Many of the world’s most powerful financial players and policymakers will gather for three days in Jackson Hole, a mountain resort in Wyoming. It goes back to 1978, when the first meeting of such kind was held and since then it offers a chance for central bankers, finance ministers and academics to talk about the world economy in a public but informal setting. The event is formally the Federal Reserve Bank of Kansas City’s “Economic Symposium”. All 12 of the Fed’s district banks organize research conferences. So how did Jackson Hole become Davos for central bankers?

The first one, on “World Agricultural Trade: The Potential for Growth”, took place in Kansas City, Missouri, where the bank is based. In 1982 the conference moved to Jackson Hole (which is in the Kansas City district) and persuaded Paul Volcker, then chairman of the Fed and an avid fly-fisherman, to attend. In a textbook case of network effects, Volcker’s regular attendance attracted other policymakers and made the event an unequaled gathering for big economic hitters. Most conferences are hungry for attendance; Jackson Hole is by invitation only, and in recent years those invitations have become scarcer. Vincent Reinhart, a former Fed staffer who is now with Morgan Stanley, reckons that market participants such as Wall Street economists have gone from 27% of attendees in 1982 to just 3% in 2013. Their spots have been taken by foreign central bankers, who went from 3% of attendees to 31%, and reporters, who have grown from 6% to 12%.

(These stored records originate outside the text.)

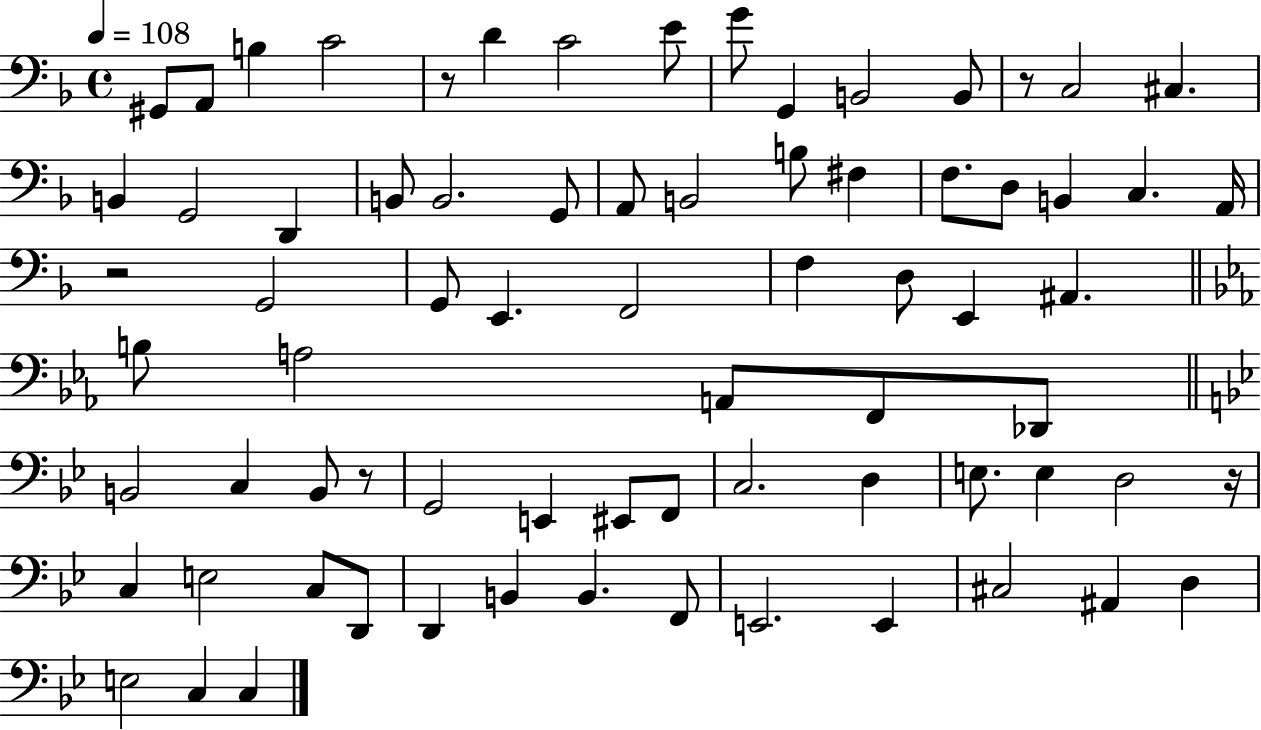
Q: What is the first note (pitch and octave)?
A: G#2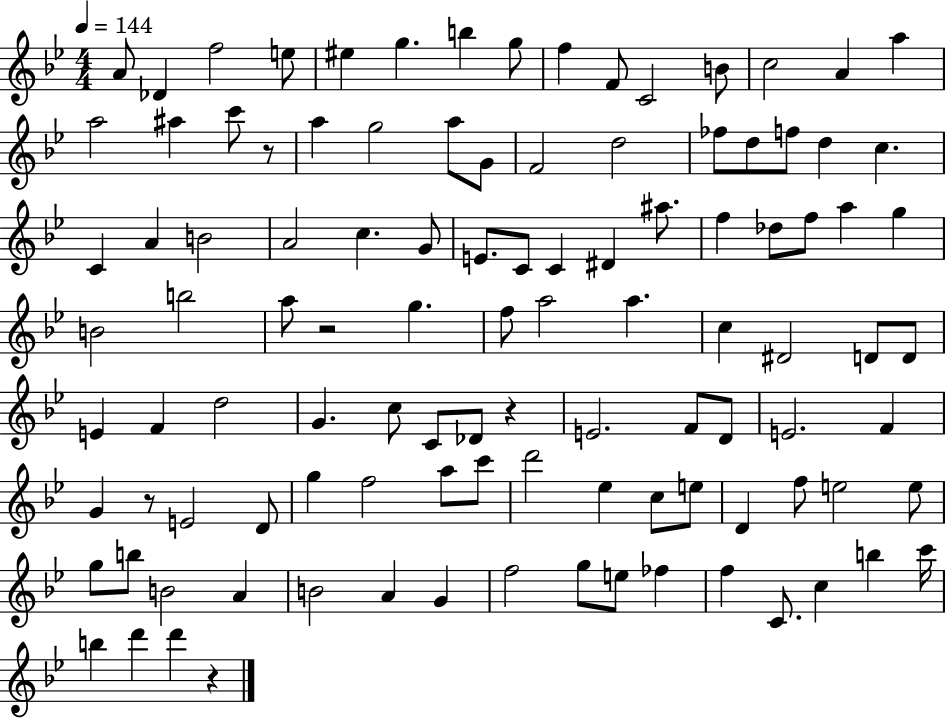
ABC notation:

X:1
T:Untitled
M:4/4
L:1/4
K:Bb
A/2 _D f2 e/2 ^e g b g/2 f F/2 C2 B/2 c2 A a a2 ^a c'/2 z/2 a g2 a/2 G/2 F2 d2 _f/2 d/2 f/2 d c C A B2 A2 c G/2 E/2 C/2 C ^D ^a/2 f _d/2 f/2 a g B2 b2 a/2 z2 g f/2 a2 a c ^D2 D/2 D/2 E F d2 G c/2 C/2 _D/2 z E2 F/2 D/2 E2 F G z/2 E2 D/2 g f2 a/2 c'/2 d'2 _e c/2 e/2 D f/2 e2 e/2 g/2 b/2 B2 A B2 A G f2 g/2 e/2 _f f C/2 c b c'/4 b d' d' z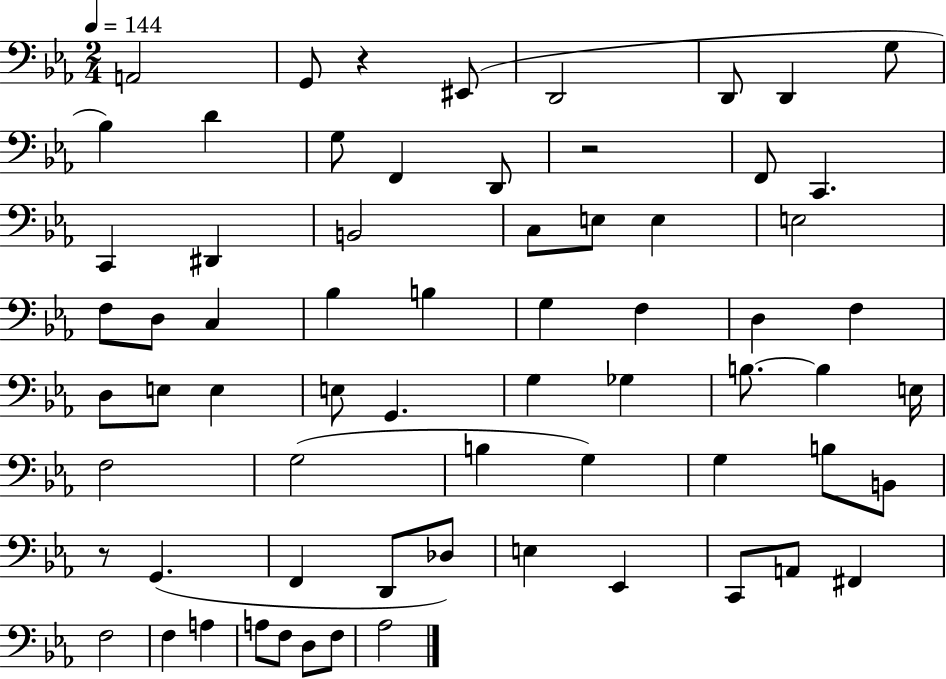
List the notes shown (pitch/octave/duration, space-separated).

A2/h G2/e R/q EIS2/e D2/h D2/e D2/q G3/e Bb3/q D4/q G3/e F2/q D2/e R/h F2/e C2/q. C2/q D#2/q B2/h C3/e E3/e E3/q E3/h F3/e D3/e C3/q Bb3/q B3/q G3/q F3/q D3/q F3/q D3/e E3/e E3/q E3/e G2/q. G3/q Gb3/q B3/e. B3/q E3/s F3/h G3/h B3/q G3/q G3/q B3/e B2/e R/e G2/q. F2/q D2/e Db3/e E3/q Eb2/q C2/e A2/e F#2/q F3/h F3/q A3/q A3/e F3/e D3/e F3/e Ab3/h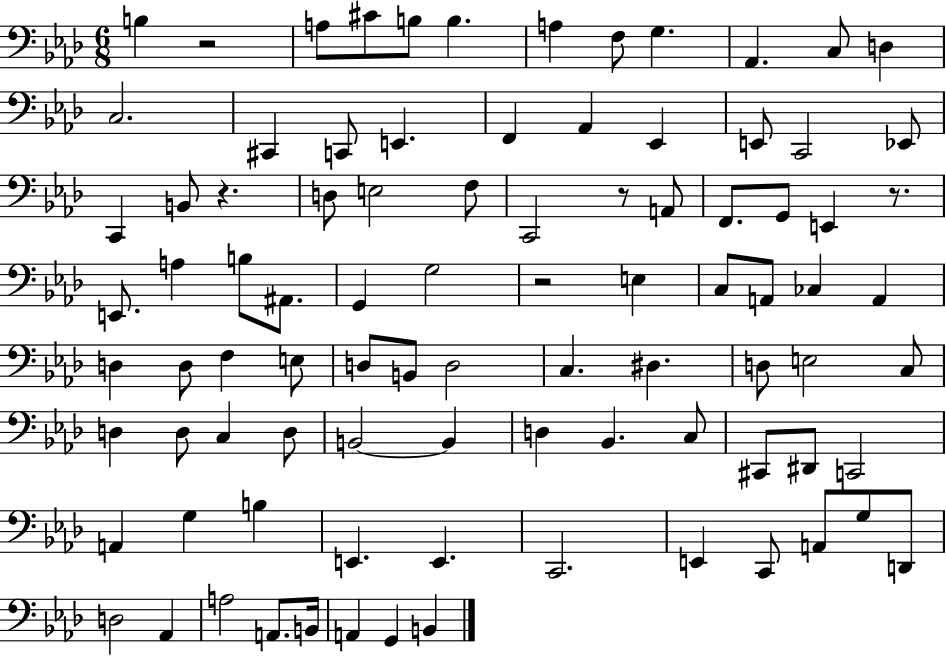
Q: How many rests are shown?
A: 5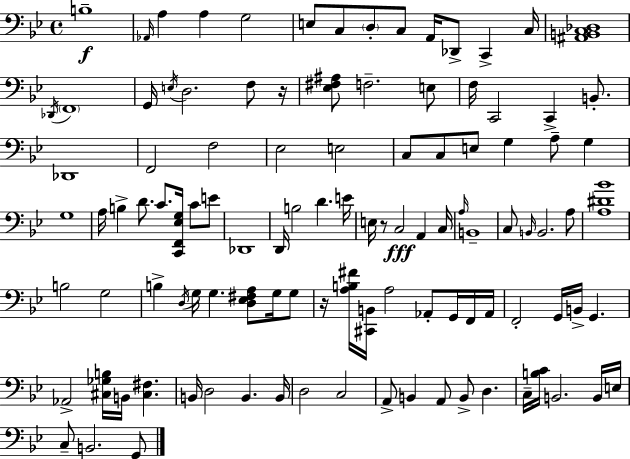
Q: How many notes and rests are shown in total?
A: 108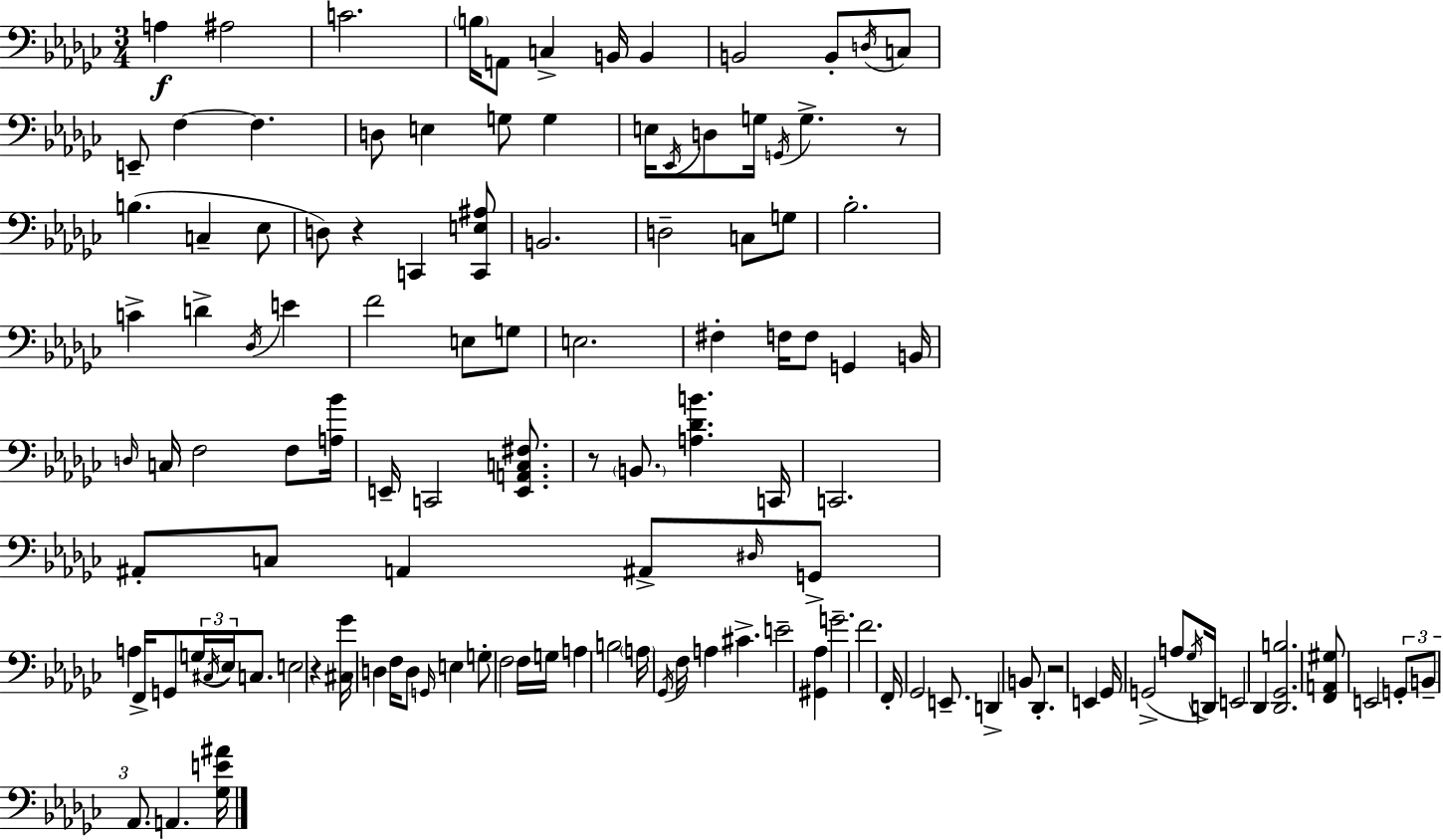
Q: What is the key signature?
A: EES minor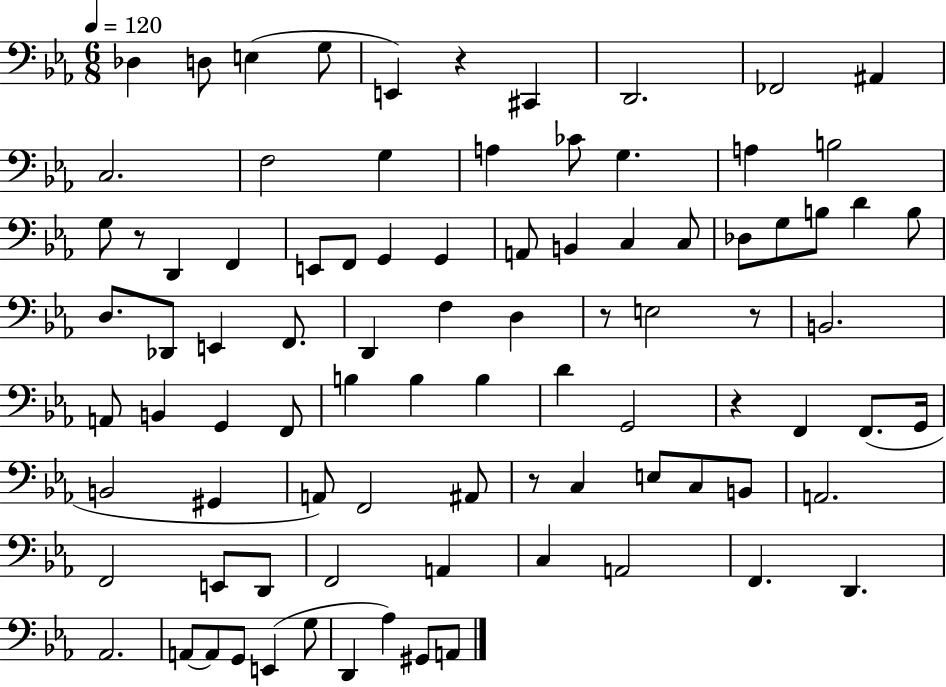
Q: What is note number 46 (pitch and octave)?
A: F2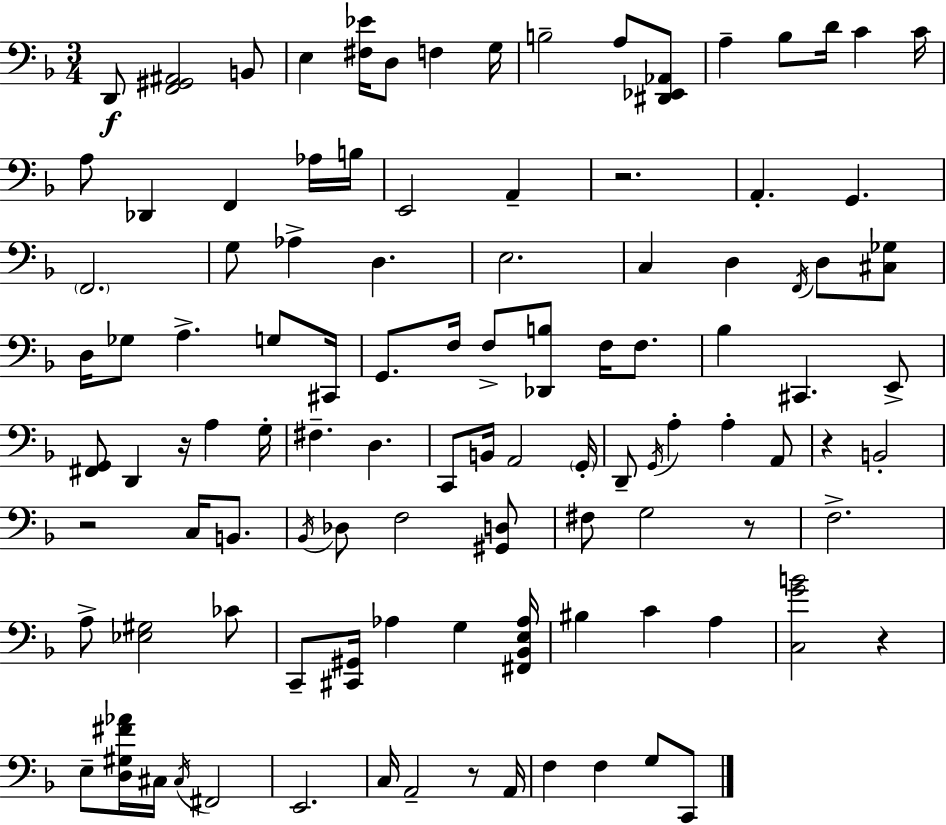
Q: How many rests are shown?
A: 7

To maintain the relaxed atmosphere, reporters must observe what are now known as "Jackson Hole rules": the proceedings are all on the record but all other remarks during the conference, such as mealtime conversations, are off the record. Economic history has been made in Jackson Hole; Fed officials have occasionally met secretly at the conference to organize their response to global financial turmoil. And two previous Fed chairmen, Ben Bernanke and Alan Greenspan, used Jackson Hole to signal major shifts in policy.

In a nutshell, the symposium focuses on an important economic issue that faces U.S. and world economies. Participants include prominent central bankers and finance ministers, as well as academic luminaries and leading financial market players from around the world. The Symposium proceedings are closely followed by market participants, as unexpected remarks emanating from the heavyweights at the Symposium have the potential to affect global stock and currency markets.

This year, additional attention will be placed on Yellen's speech and possible mention of Fed hiking again in 2016, maybe even as soon as September. In that case, watch for the strong USD bullish wave.